Hoo boy…What a steaming pile of traaaesh my Seminoles were last season. Head coach Mike Norvell’s portal-heavy approach—responsible for FSU’s ascendancy to 10- and 13-win seasons in ‘22 and ‘23—absolutely Oppenheimer’d in the ‘Noles’ faces in '24, as a leaderless bunch of mercenaries started poorly and then—let’s call it what it was—downright quit as the team death-spiraled to a 2-10 record that was yet another kick in the nard dawgs for the folks in Tallahassee. So what’d Norvell go and do this offseason?

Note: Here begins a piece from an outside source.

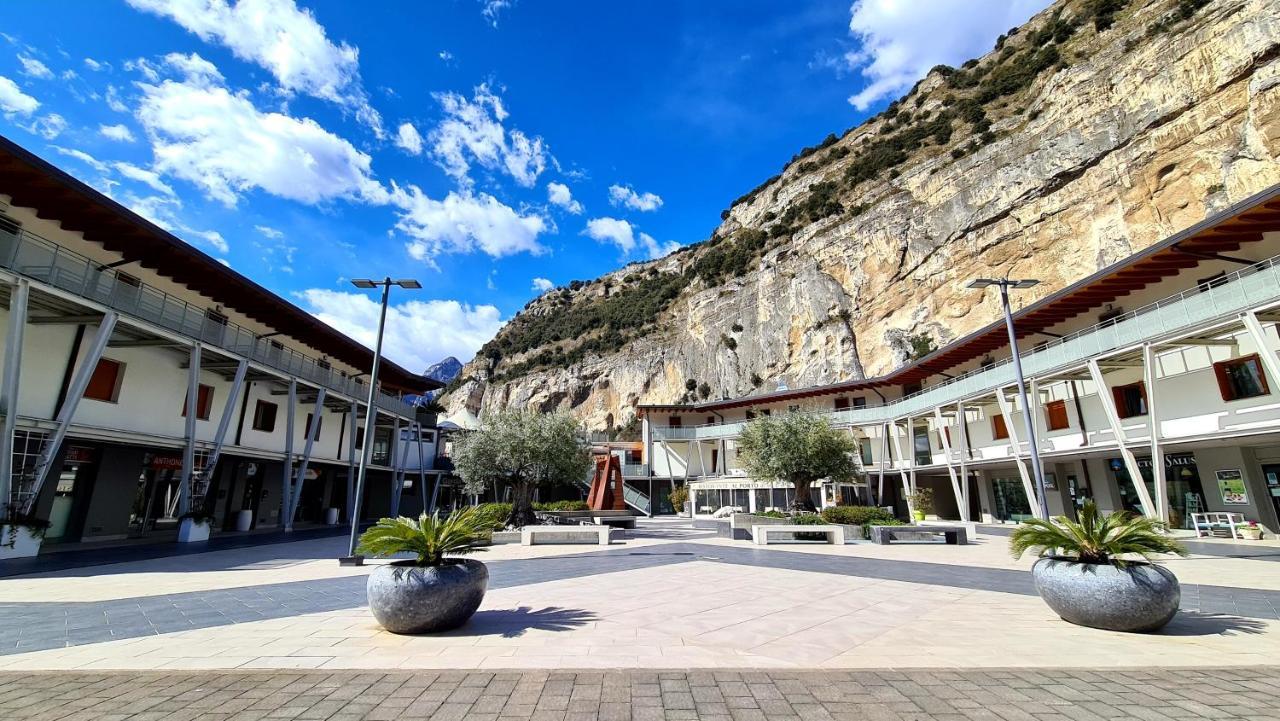 Garda Lake Aloha Apartments Torbole Sul Garda Exterior photo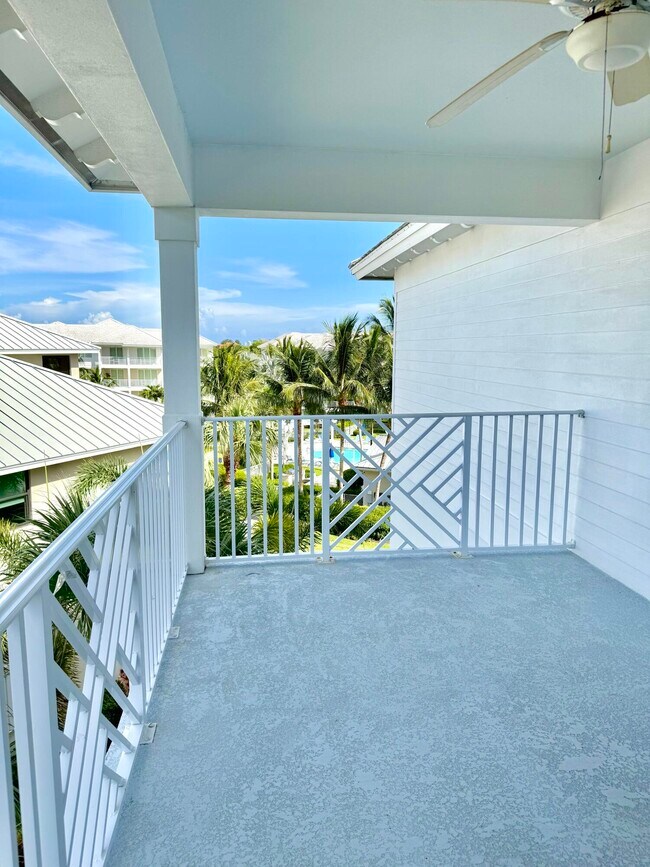 Building Photo - 341 Bay Colony Dr N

He hit the portal of course!! Here’s the difference—or it’s what Seminole fans are hoping’s the difference—this year: rather than chasing former blue-chip recruits who were unhappy at School #1, Norvell and co. returned to their Jared Verse/Braden Fiske roots and targeted proven, highly productive players in the portal, regardless of their high school star rating or the logo of their first school. New starting quarterback Thomas Castellanos isn’t without his flaws—he threw 14 interceptions in just 330 attempts in '23, and definitely runs hot from an emotional standpoint—but he also brings some of that proven production to the table: Castellanos ran for 1113 yards and led the country in explosive runs in '23, shredding an elite FSU defense in a wild second half of a near shock upset. New offensive coordinator Gus Malzahn won’t clip Castellanos’ wings like Bill O’Brien did at BC in '24, when the dual-threat QB was asked to sit in the pocket and make pro-style reads. No no no…the Gus Bus will utilize the QB run game behind a re-tooled offensive line, then look to hit chunk plays over the top to talented wide receivers like Duce Robinson and Squirrel White. New defensive coordinator Tony White brings an aggressive, unconventional scheme from Nebraska, and the ‘Noles should, at the very least, be more disruptive on that side of the ball (although their depth on the defensive line is more than fair to question).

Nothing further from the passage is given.